Postby bishopdante on Fri Oct 28, 2016 1:19 pm

Bubber wrote:
bishopdante wrote:OSB can be relatively fire retardant, is cheap, dimensionally stable and pretty stiff. It also looks quite cool.

It's garbage, though: also horrible with damp (basically turns to oatmeal as it's heavily made of glue), has no minimum requirements for permeability, can off-gas significantly, would strongly not recommend.


I would not be surprised to hear that, it is a chipboard. Can't honestly say I have used/met a great deal of the stuff, and I would not be surprised if not all OSB is the same. Did some speaker boxes with it (was nice and light weight, and they got polyurea inside & out, worked fine, and much cheaper+lighter than birch ply. 4 years later they're reportedly still on the road unscathed).

Pure L wrote:Price is just usually associated with how rugged something is and how long it'll last.


Um... not so much, no.

Obviously the cheapest = the shittest, that's inevitable.

However, most expensive = usually the most rip-off / over-traded / gold plated, not the most industrial quality. It should also be noted that prices can vary enormously with *labour costs* and *factory premises*, and that made in germany is a very different set of costs compared to made in china or brazil. Often for almost exactly the same device a price ratio of 20:1 is not unusual for exactly the same thing.

This is partly due to welfare and environmentalism, but the biggest factor is the currency-rigging.

In terms of electric fans or air movement systems, there are many ways to skin the proverbial cat.

Most air circulation systems are done with fans, which can be axial or radial flow, connected to a motor or propulsion system.

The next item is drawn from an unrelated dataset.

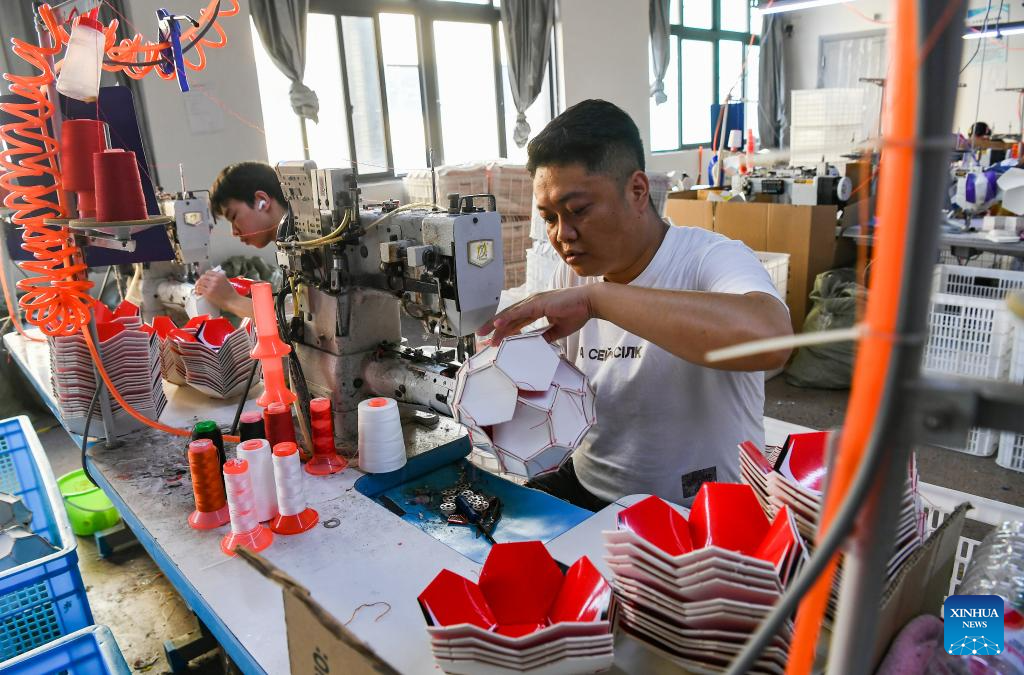 Workers make footballs at a local sports goods company in Yiwu, east China's Zhejiang Province, Sept. 15, 2025. China's Yiwu, dubbed the world's supermarket, has recently witnessed a surge in orders for sports products, driven by major sporting events including the upcoming 2026 FIFA World Cup. (Photo by Shi Kuanbing/Xinhua)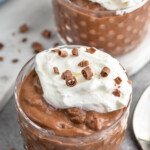 Two bowls of Chocolate Pudding garnished with whipped cream and chocolate shavings. Spoon beside. - 8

In terms of the various sources of electric motors and fans, ultimately fans can be stuck onto motors.

one device that would be brilliant but would have to be cnc machined or 3d printed, but could equally be hand carved from wood would be a multi'stage axial fan which was inserted into a pipe with sound absorbing stators placed between the stages. The motor to drive that with could be pulled out of almost anything.

Another idea that could be interesting would be to employ a pneumatic pump and a compression chamber, which would fully isolate the inlet from the exterior, and the extra pressure would potentially allow for particulate filtering.

A double helical screw or radial centrifugal compressor for air could be fashioned from CNC ally or even quite plausibly engineered wood. A large-bore piston system could also be built.

The ideal system to my mind would supply pressure by pumping and exhaust using fans.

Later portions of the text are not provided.